日常の仕事38
私は、JR南武線平間駅を最寄とする不動産屋に勤めております。
まず、次の2つの言葉の意味を書きます。私は、以下に書く出来事がどうもこの2つの言葉に当てはまると感じました。
その言葉とは、要望 と 要求 (広辞苑より)
- 要望・・・もとめてのぞむこと。つよく期待すること。
- 要求・・・必要である、当然であるとして強く求めること。
つまり、上の2つの言葉のどちらにも、【強く】という意味が含まれています。
さて、本題です。
先日、ある借主様とそのご家族(以下、借主様達と言います)が貸室を明け渡しましたということで、貸室の玄関の鍵を持って来店されました。その借主様達は家賃を4か月分滞納していましたが、3か月分は支払って頂きました。しかし、残りの1か月分は「敷金で相殺して頂けないでしょうか?」と要望してきました。その他にも、リフォーム代金についても支払いたくない旨の要求を言っていました。後日室内を見たところ、案の定、調味料・フライパン・くつ等、ゴミ袋が2つになる位の量が残っていました。
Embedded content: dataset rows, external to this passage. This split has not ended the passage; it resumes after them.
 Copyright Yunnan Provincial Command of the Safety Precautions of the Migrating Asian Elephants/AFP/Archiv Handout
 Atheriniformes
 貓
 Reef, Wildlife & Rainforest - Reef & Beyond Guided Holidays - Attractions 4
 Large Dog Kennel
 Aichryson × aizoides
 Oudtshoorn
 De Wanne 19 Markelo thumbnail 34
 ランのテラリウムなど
私は、「それらについては貸主様としては、了承して頂くことが難しいかもしれませんので、こうしましょう」と別の案を申し上げようとしたところ、どうしてもその要望と要求を了承して欲しいみたいでした。借主様達は、口調も顔色も変わってきました。
「これじゃあ、こっちの案は了承してくれないな」と、私は思いました。
私は事前に、貸主様は「もう金銭的には請求はしません。あの人とは、もう揉めたくない。」という気持ちを聞いていました。私も、この借主様達とは揉めたくないし、電話やFAXのやりとりはしたくないと思っていました。
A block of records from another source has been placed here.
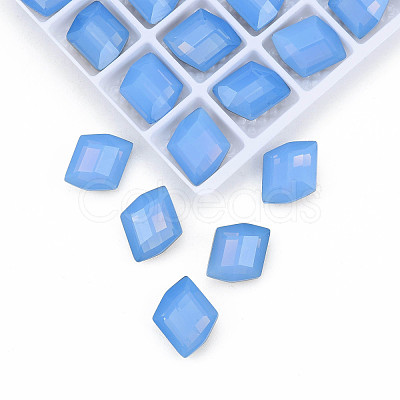 K9 Glass Rhinestone Cabochons MRMJ-N029-25-04-1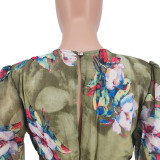Pleated technology sexy big V-neck print dress A132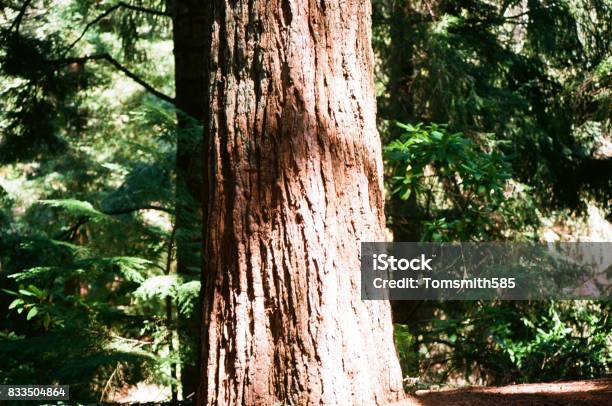 Redwood Stock Photo - Download Image Now - California, East, East Bay Regional Park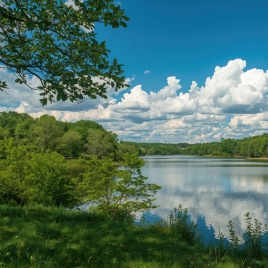 Journée Champêtre à l’Oseraie le 9 juin 2026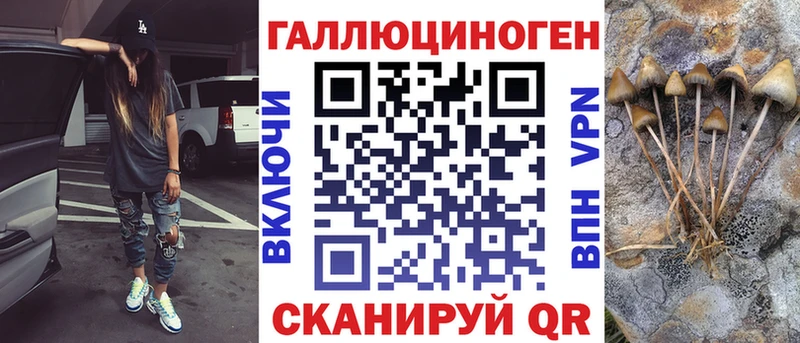 даркнет клад  Баксан  Псилоцибиновые грибы GOLDEN TEACHER 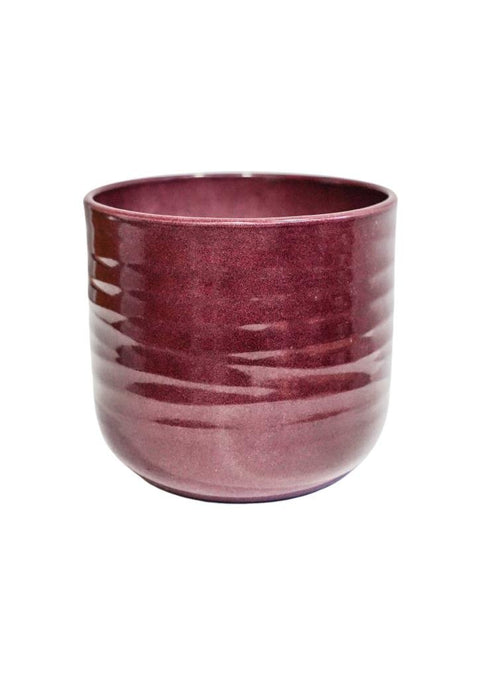 Poinsettia Ripple Red Planter - Sprouts of Bristol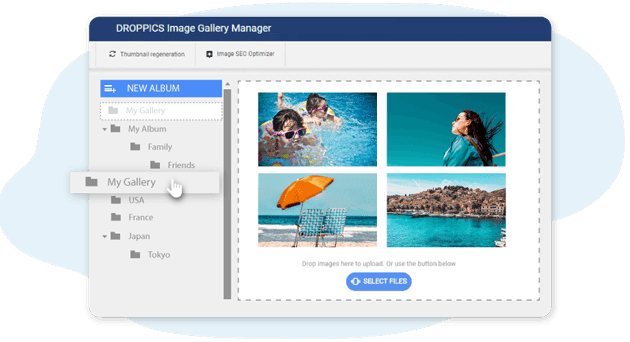 Image and Video Multi-Level Galleries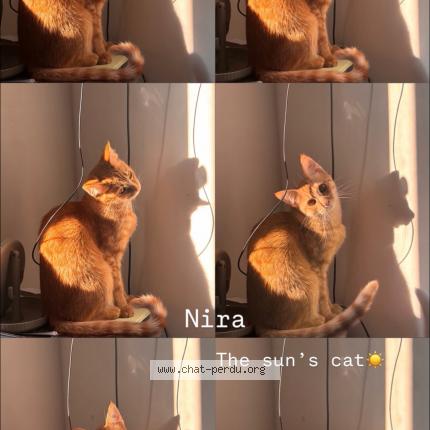 Photo 1/1 Chat retrouvé Perdu à Montpellier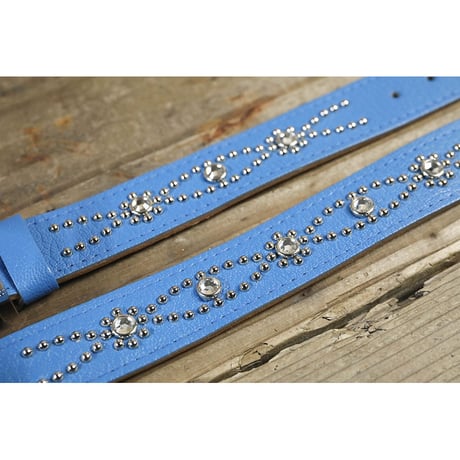 Dog & Owner Matching 25mm Studs Butterfly Arch Design Collar & Bracelet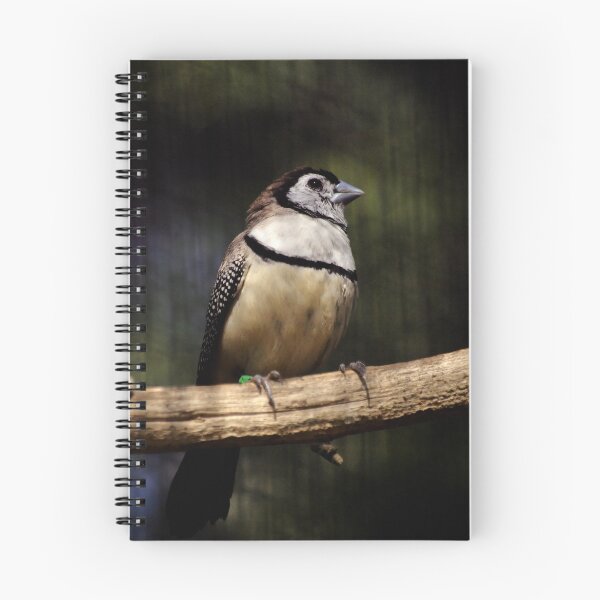 Item preview, Double - Barred Finch designed and sold by Tamara  Kenneally.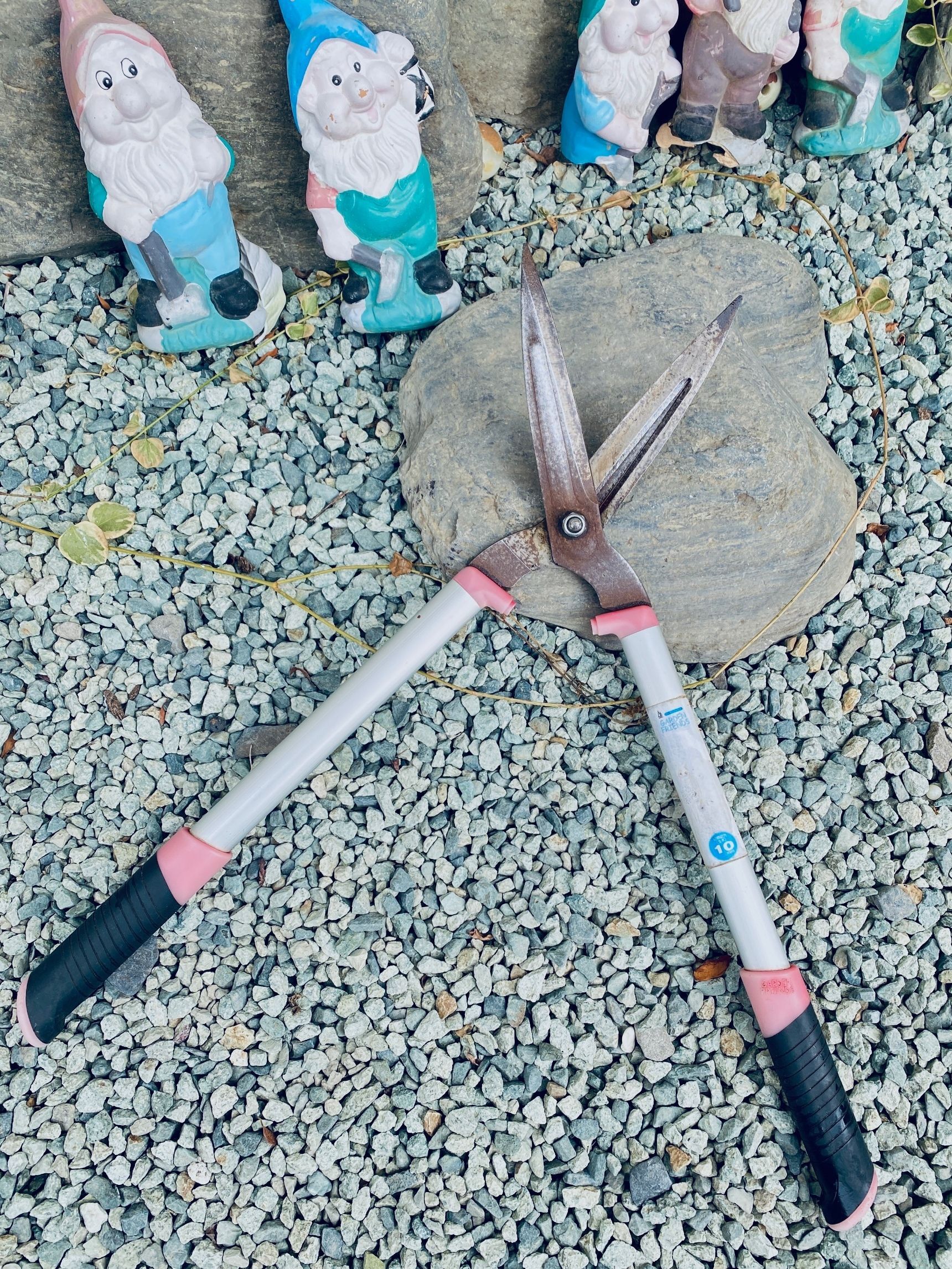 剪定バサミの錆はこうやって落とす！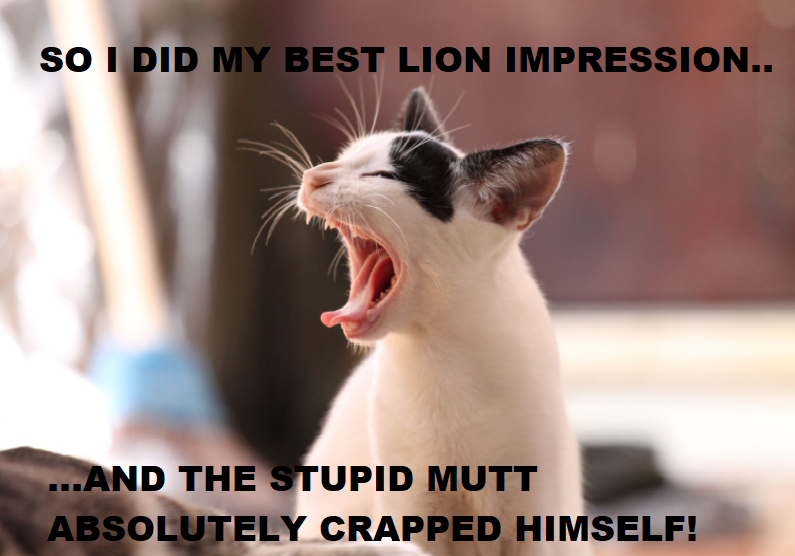 lioncat2.png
「では、一応貸主様には△△様の要望は伝えておきますので、結果は後日ご報告致します。」ということで、帰って頂きました。結果は、貸主様は全て借主様達の要望を了承するということでした。
私は、「借主様達は何故、あれほど強引に要望・要求をいうのだろう?」と思いました。また、「今まで、あまり”妥協”してこなかったのかな?」とも、思いました。確かにその場で全て了承してもらえれば、『勝ち』と思うでしょうが、何か心にわだかまりが残るように、私は感じてしまいます。
あの借主様達の身の上にもこれからいろいろな出来事が起こると思いますが、時には自分自身にとって不利になっても妥協した方がいい場面もあるだろうと思います。あの借主様達にとっては”妥協”は『敗北』と感じるのでしょうか?
あれっ! 貸室を明け渡してくれた事は、貸主様の要望・要求に”妥協”したのかな!?
要望や要求をお願いすることは間違っていません。しかし、それが全て了承されない時もあります。その時には、妥協することも必要です。妥協することによって、お互いがギクシャクしないで付き合うことも出来ると思います。
私が従事している不動産業界は、貸主と借主・売主と買主の仲を取りもって(つまり、仲介)契約などを結ぶ業界です。
従って、”妥協”は『敗北』ではありません。そして、『勝利』でもありません。[引き分け]です。今までのことは無かったことにして、そして忘れて、新しい関係・わだかまりのない関係を築きましょうということだと、私は思います。
あの借主様達の将来が少し心配です。